Consequently, contrary to the Appellant’s view, the fact that the matter was not specifically sent back to the arbitral tribunal having issued the award annulled cannot be interpreted as an implicit prohibition to the arbitrators who issued the aforesaid award to decide the matter again.
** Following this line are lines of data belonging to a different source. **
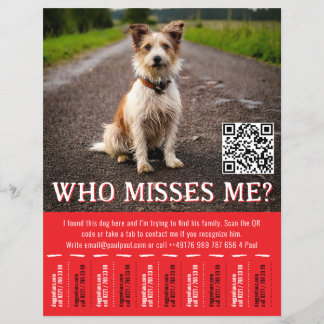Prospectus 21,6 Cm X 24,94 Cm Affiche de chien trouvé modifiable avec QR Code et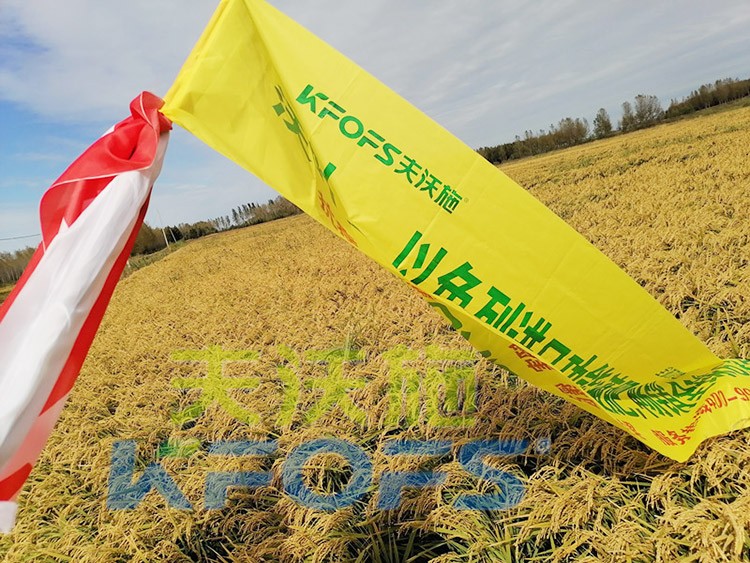 水稻用水溶肥，這三個(gè)方面的效果很明顯！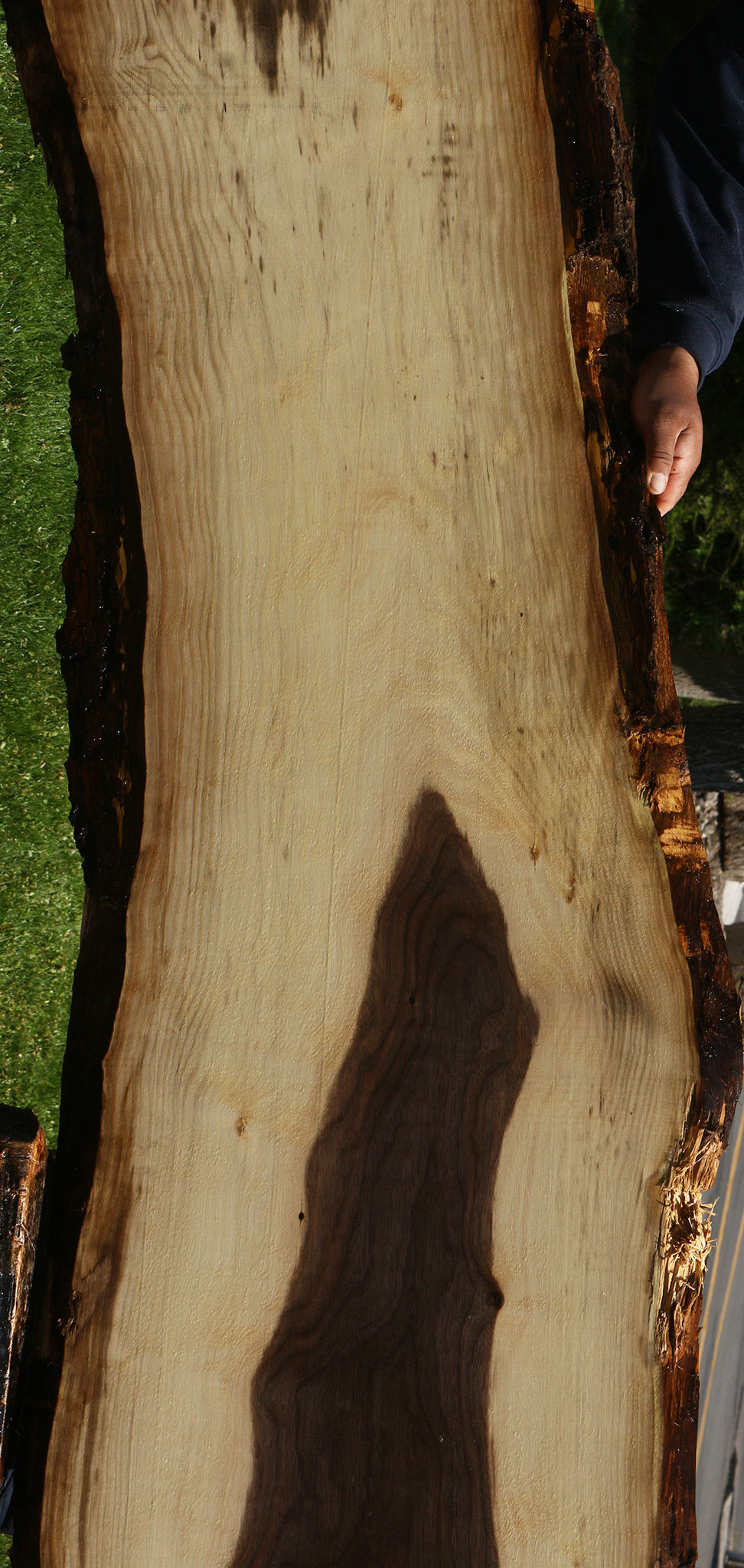 Claro Walnut Live Edge Slab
3.1.3 To the extent that this can be assessed, the solution according to which when an award is annulled the arbitral tribunal previously seized of the dispute retains jurisdiction to issue the new award is approved by all legal commentators (BERGER/KELLERHALS, op. cit., nr 915a and 1654; KAUFMANN-KOHLER/RIGOZZI, op. cit., p. 484, footnote 567; POUDRET/BESSON, op. cit., n° 835 p. 776; LALIVE/POUDRET/REYMOND, op. cit., nr 3.6 ad Art. 191 PILA; ANDREAS BUCHER, in Commentaire romand, Loi sur le droit international privé - Convention de Lugano, 2011, nr 56 ad art. 191 PILA; CESARE JERMINI, Die Anfechtung der Schiedssprüche im internationalen Privatrecht, 1997, nr 681). In this respect the Appellant’s attempt to demonstrate that the precedents relied upon by the commentators quoted by the Arbitral tribunal at nr 248 of the award under appeal would not be pertinent changes nothing to the fact that these commentators concurred in supporting the aforesaid solution.
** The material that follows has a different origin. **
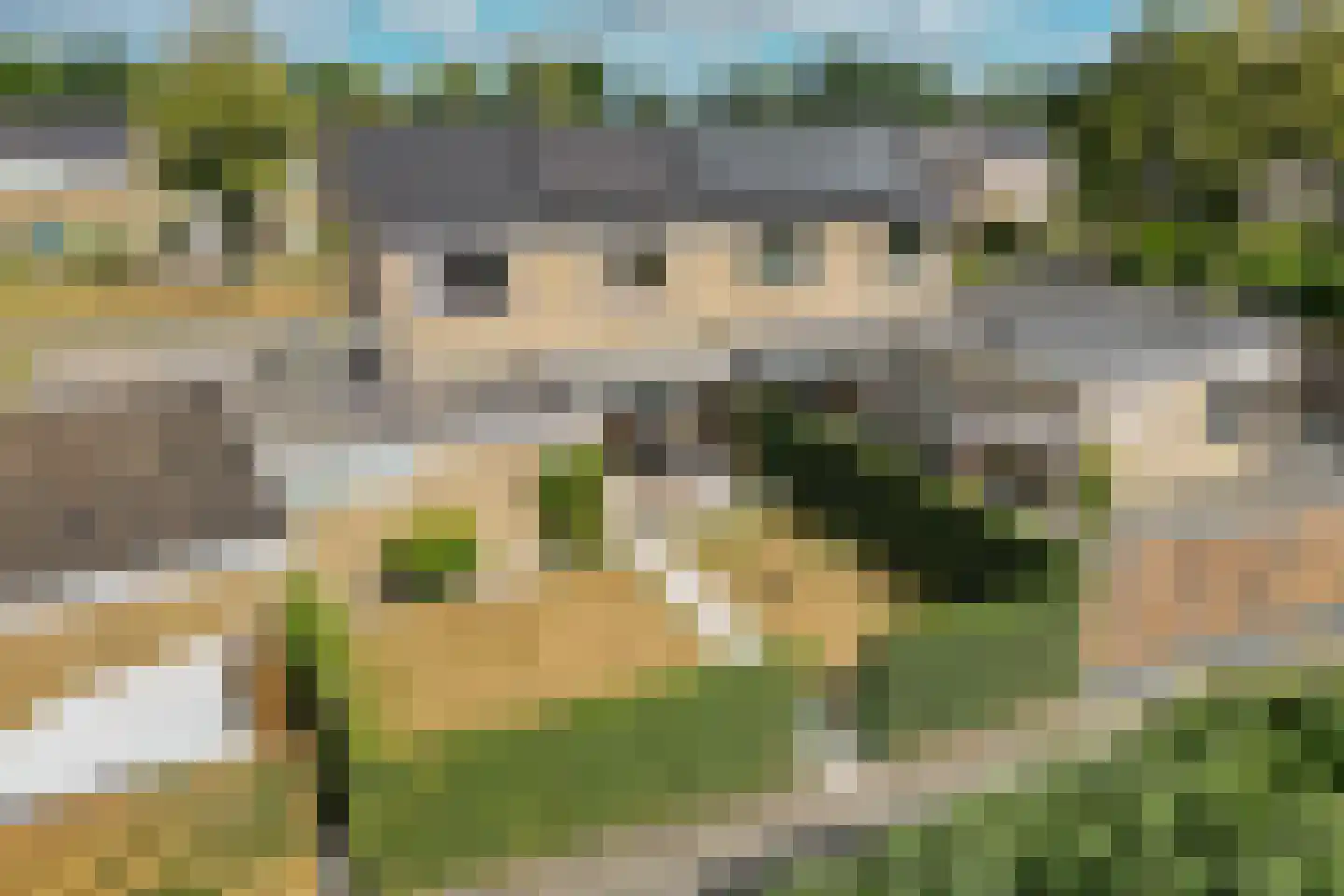 Langbos 54 Oosterhesselen thumbnail 38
3.1.4 Ensuring an economy of procedure also justifies the solution criticized by the Appellant. To constitute a new arbitral tribunal to decide a specific issue that was not dealt with in the award annulled, after hearing the case again completely or in part as the case may be, would contradict the principle of celerity and merely delay the outcome of proceedings that will often have been started some years before, all of which to the detriment of the party prevailing in the end.


3.1.5 It must accordingly be found that the Arbitral tribunal was right to accept jurisdiction to decide the issue it had omitted to decide in the final award of December 3, 2010, which led to the annulment of the award.


Moreover the Federal Tribunal formulated its reasons at 4.3.2 last paragraph in the judgment of May 16, 2011 (see litt. A.c above) in a way that clearly implied that the new award would have to be issued by the same arbitrators. Had it not been so, it goes without saying that the Court would not have referred to the “arbitrators” and to “their new award” but would have spoken of “new arbitrators” or of “a new arbitral tribunal to be constituted” or used any other equivalent expression as this was an important issue that the Court could not have let pass. Hence the Appellant is not credible in its attempt to attribute another meaning to the aforesaid excerpt.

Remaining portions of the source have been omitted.